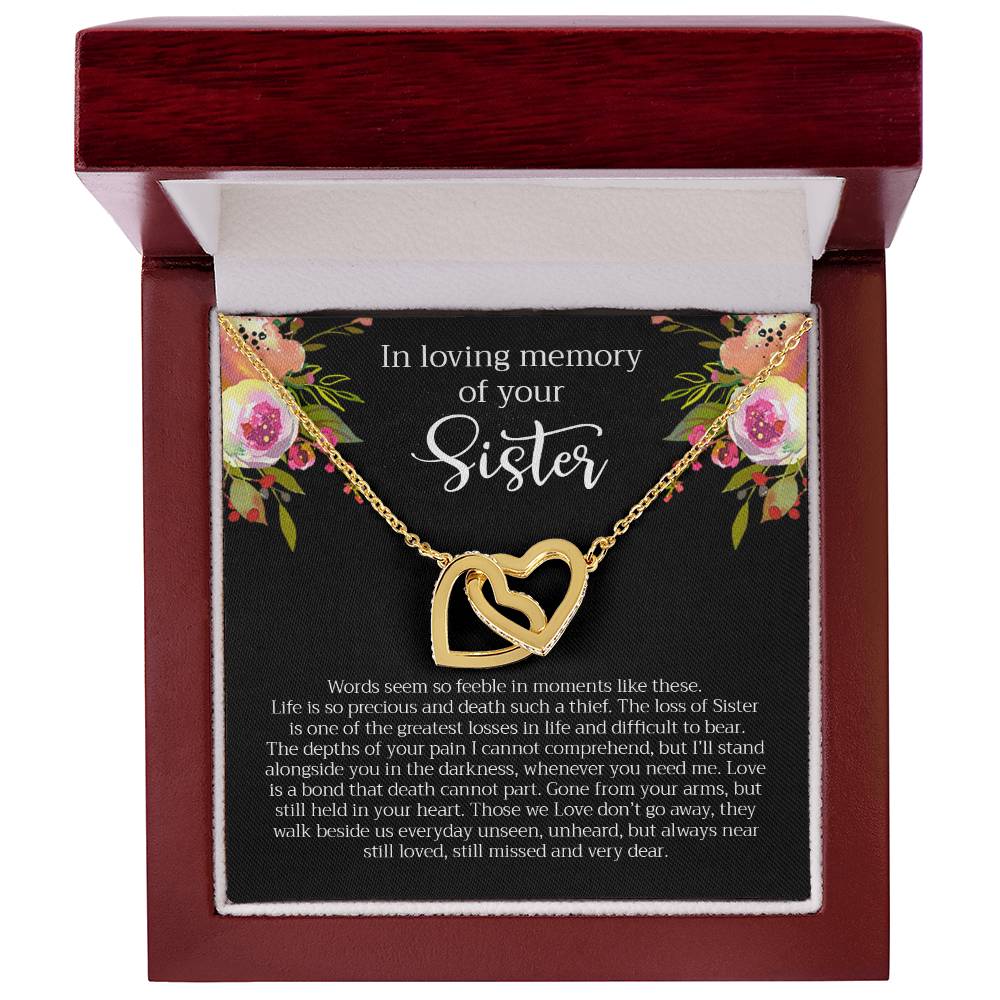 Loving Memory Sister Necklace Interlocking Hearts Necklace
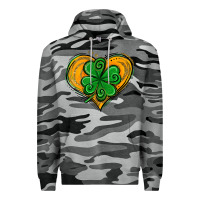 Slate Camo St. Patrick's Day Heart with Shamrock Premium Hoodie - Jasminsmagicworld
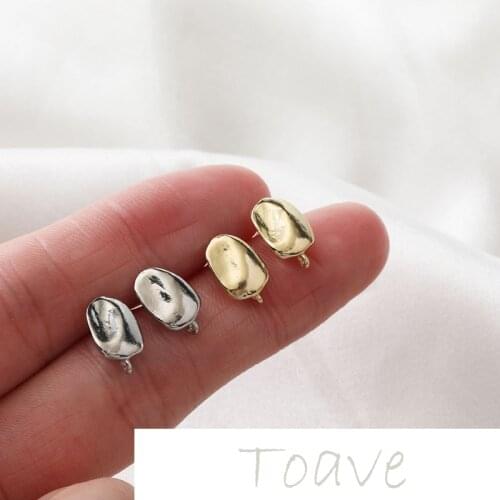 14K bag gold irregular with hanging coffee bean silver needle diy stud earrings hand-made material accessories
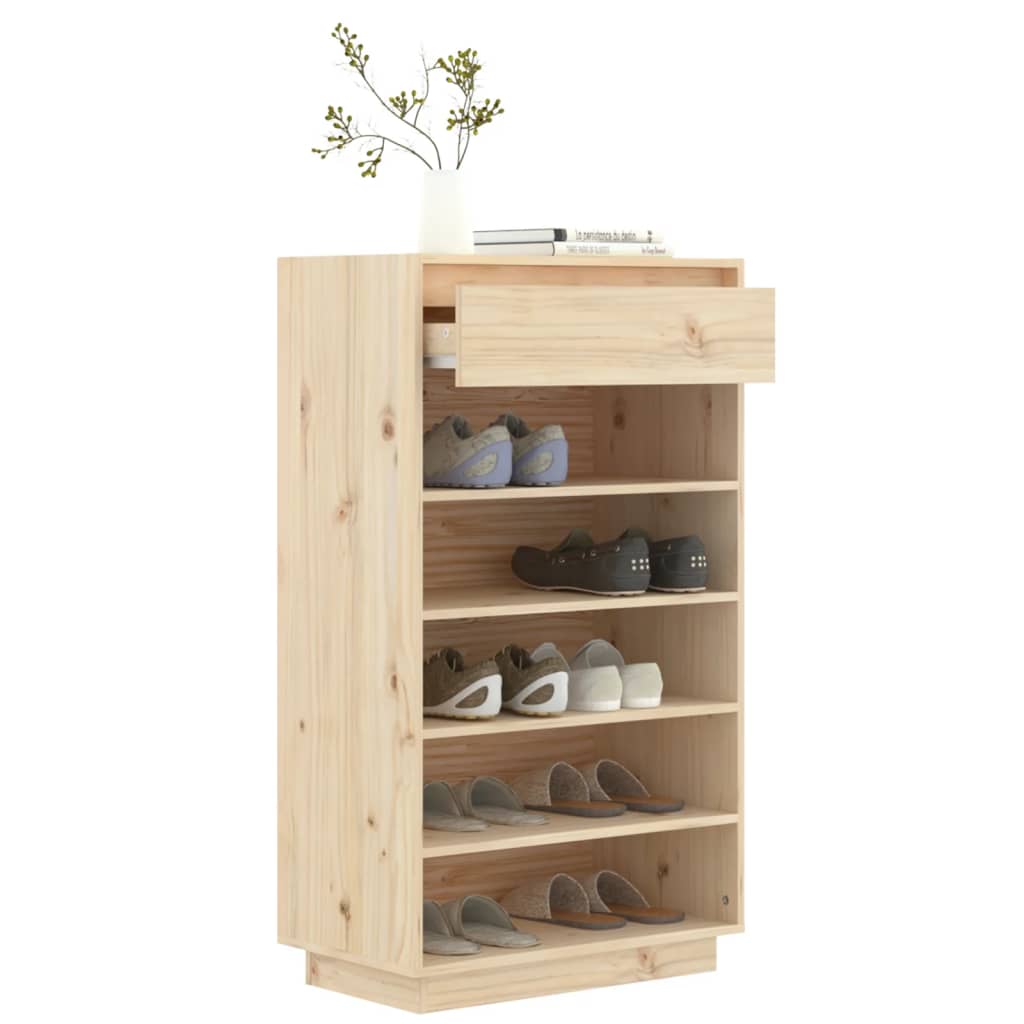Shoe Cabinet 23.6"x13.4"x41.3" Solid Wood Pine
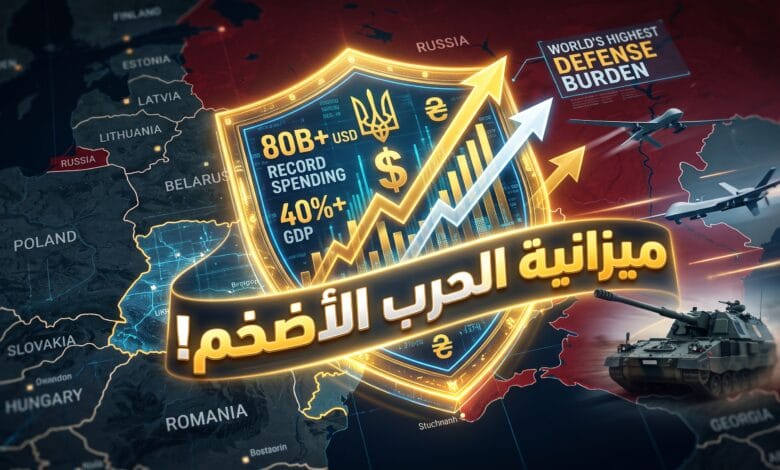 رسوم بيانية مالية وعناصر عسكرية تعبر عن الإنفاق الدفاعي القياسي لأوكرانيا لعام 2027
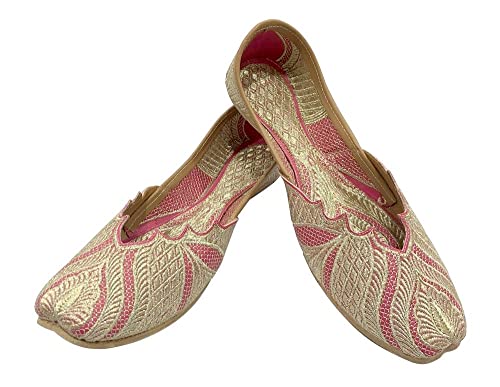 Punjabi Jutti for Women's Indian Mojaris Pink Handmade Juti Traditional Ethnic Shoes2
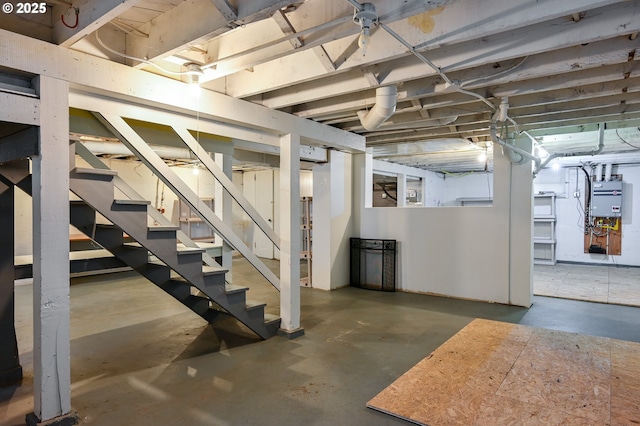 basement with ceiling fan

Your task: Reproduce each entry word for word and cut the images.

Result of this task:
 Loving Memory Sister Necklace Interlocking Hearts Necklace
 Slate Camo St. Patrick's Day Heart with Shamrock Premium Hoodie - Jasminsmagicworld
 14K bag gold irregular with hanging coffee bean silver needle diy stud earrings hand-made material accessories
Shoe Cabinet 23.6"x13.4"x41.3" Solid Wood Pine
 رسوم بيانية مالية وعناصر عسكرية تعبر عن الإنفاق الدفاعي القياسي لأوكرانيا لعام 2027
 Punjabi Jutti for Women's Indian Mojaris Pink Handmade Juti Traditional Ethnic Shoes2
 basement with ceiling fan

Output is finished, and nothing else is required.